§ **What is being asked**
Your copy should match the records exactly, except that no pictures appear in it.

[[ Material for the task open ]]

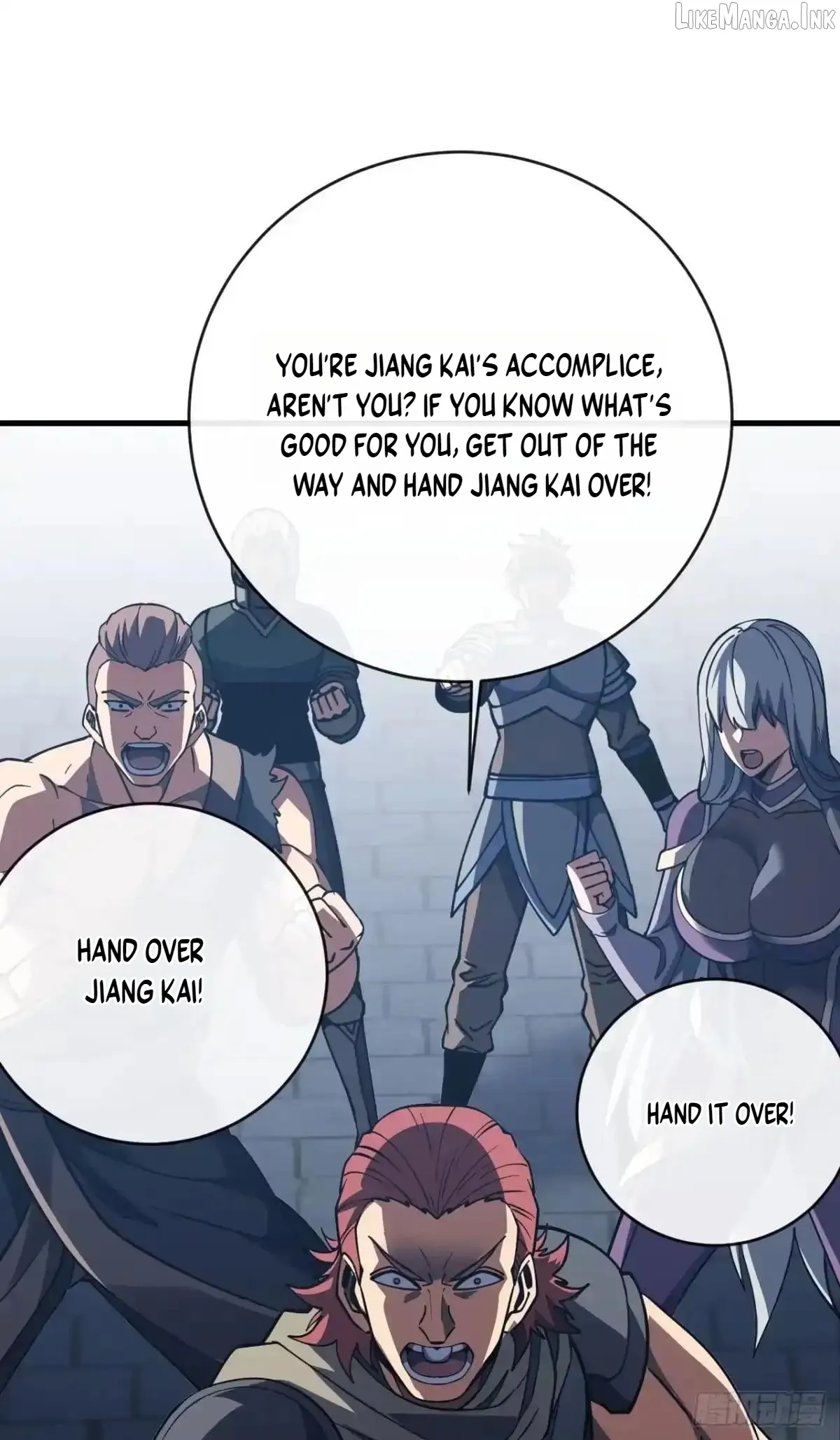 Read Lord of Destiny Wheel EN Manga Online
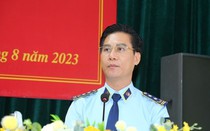 Vụ kỷ luật Cục Trưởng Cục QLTT Thanh Hóa: Đình chỉ sử dụng thẻ kiểm tra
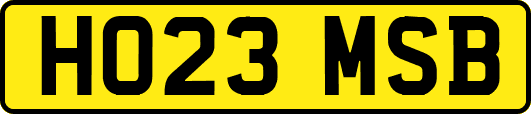 HO23MSB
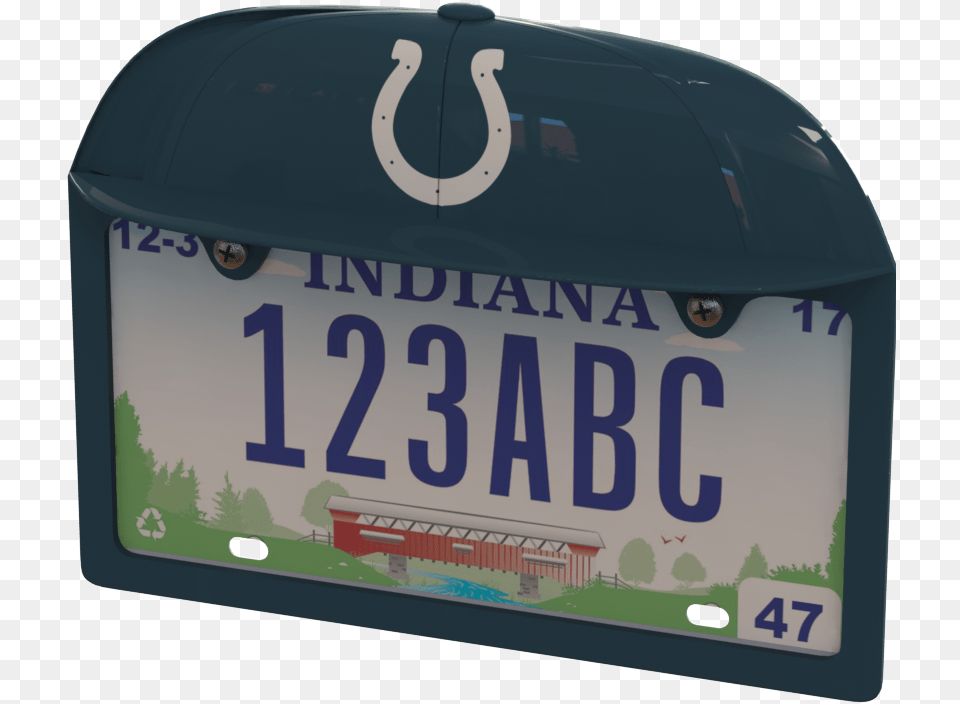 Indianapolis Colts Baseball Cap Frame Los Angeles, License Plate, Transportation, Vehicle Png Image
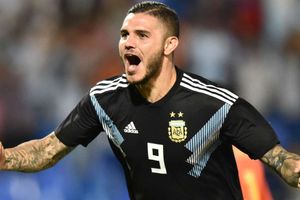 Argentina 2 Mexico 0: Icardi, Dybala score first international goals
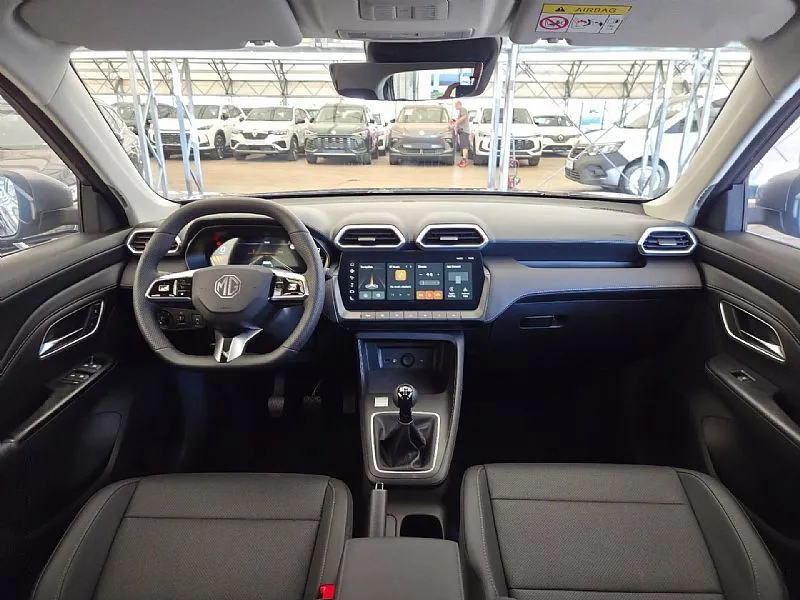 Zunanja slika - MG MG ZS - 1.5L Comfort + ZIMSKE PNEVMATIKE - 15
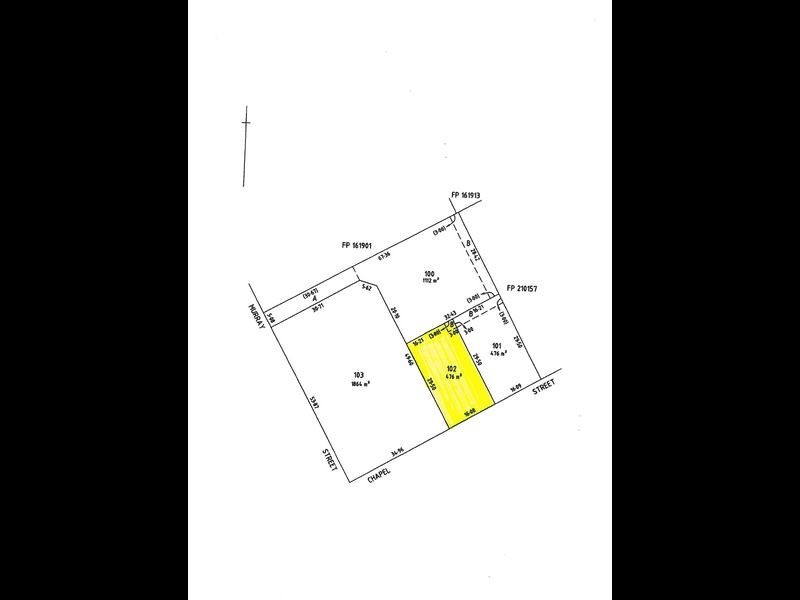 Lot 102 Chapel Street, Strathalbyn SA 5255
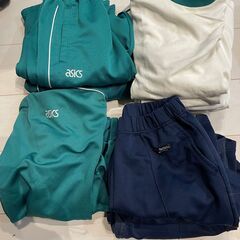 【引き渡し者決定しました。】伊丹市立東中学校　体操服　ジャージ　...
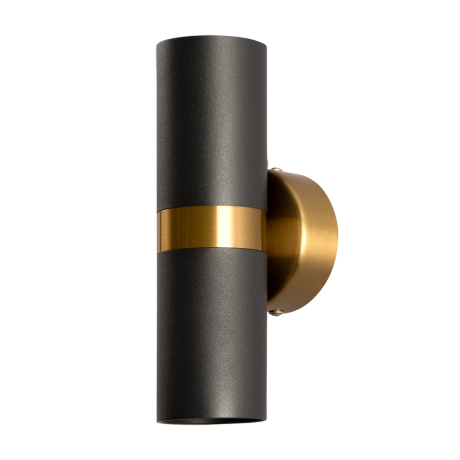 Светильник на стену, в комплекте с LED лампами GU10. Интерьер - Прихожие. Комплект от Lustrof №618842-702037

[[ Material for the task closed ]]

§ **Answer area**
 Read Lord of Destiny Wheel EN Manga Online
 Vụ kỷ luật Cục Trưởng Cục QLTT Thanh Hóa: Đình chỉ sử dụng thẻ kiểm tra
 HO23MSB
 Indianapolis Colts Baseball Cap Frame Los Angeles, License Plate, Transportation, Vehicle Png Image
 Argentina 2 Mexico 0: Icardi, Dybala score first international goals
 Zunanja slika - MG MG ZS - 1.5L Comfort + ZIMSKE PNEVMATIKE - 15
 Lot 102 Chapel Street, Strathalbyn SA 5255
 【引き渡し者決定しました。】伊丹市立東中学校　体操服　ジャージ　...
 Светильник на стену, в комплекте с LED лампами GU10. Интерьер - Прихожие. Комплект от Lustrof №618842-702037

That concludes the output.